▸ **Your assignment**
Pictures are to be omitted; everything else in the data must be transcribed exactly.

▸ **Listed records**

%%

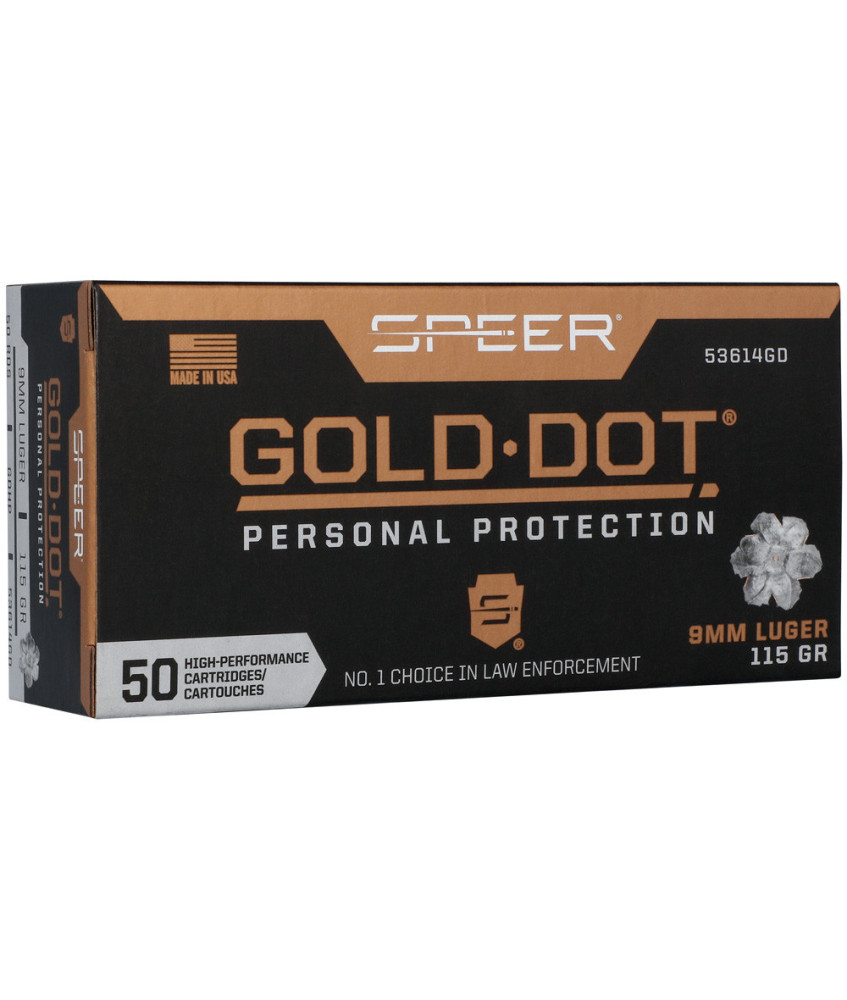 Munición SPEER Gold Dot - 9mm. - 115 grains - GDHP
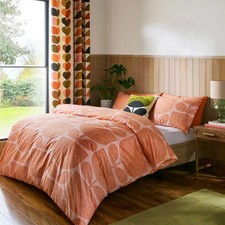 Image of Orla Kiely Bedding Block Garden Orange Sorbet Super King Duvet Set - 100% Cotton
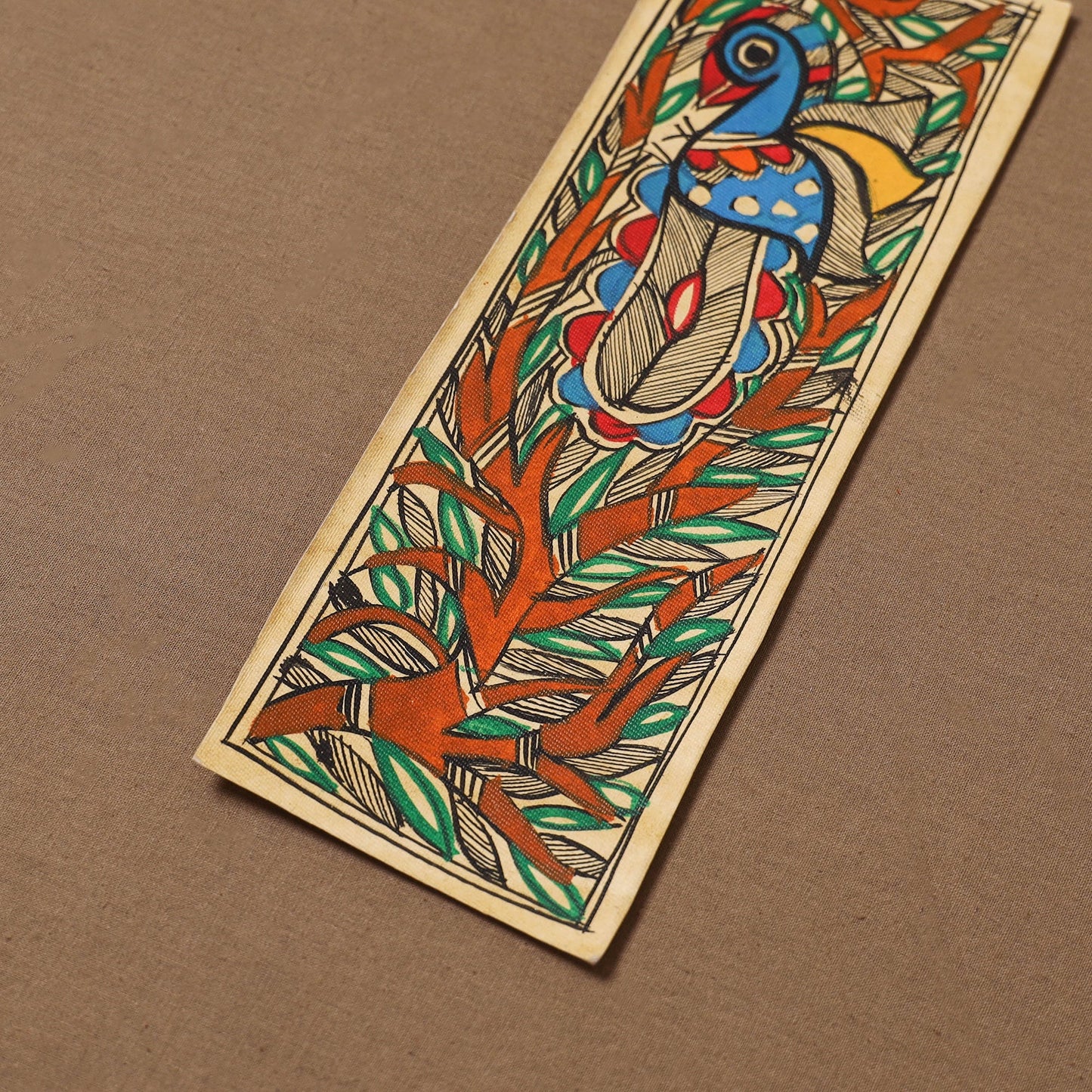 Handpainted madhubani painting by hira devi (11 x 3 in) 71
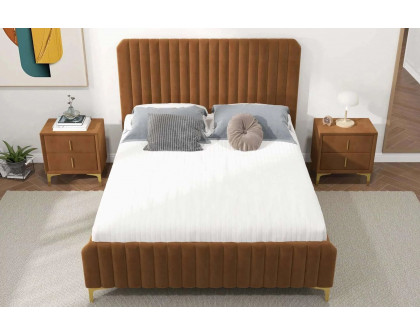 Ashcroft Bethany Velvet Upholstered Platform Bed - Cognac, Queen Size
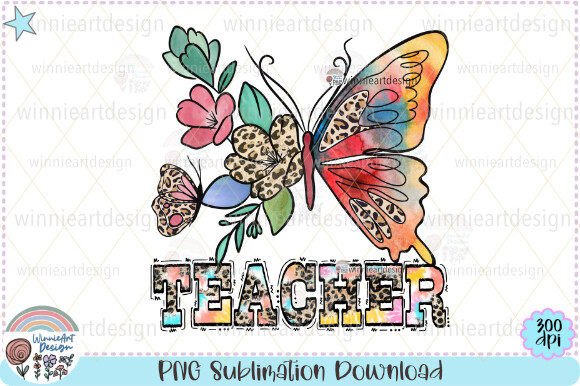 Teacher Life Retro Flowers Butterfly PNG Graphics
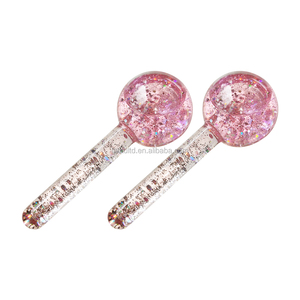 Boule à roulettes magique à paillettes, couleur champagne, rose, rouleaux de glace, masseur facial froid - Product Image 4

%%

▸ **Reply**
 Munición SPEER Gold Dot - 9mm. - 115 grains - GDHP
 Image of Orla Kiely Bedding Block Garden Orange Sorbet Super King Duvet Set - 100% Cotton
 Handpainted madhubani painting by hira devi (11 x 3 in) 71
 Ashcroft Bethany Velvet Upholstered Platform Bed - Cognac, Queen Size
 Teacher Life Retro Flowers Butterfly PNG Graphics
 Boule à roulettes magique à paillettes, couleur champagne, rose, rouleaux de glace, masseur facial froid - Product Image 4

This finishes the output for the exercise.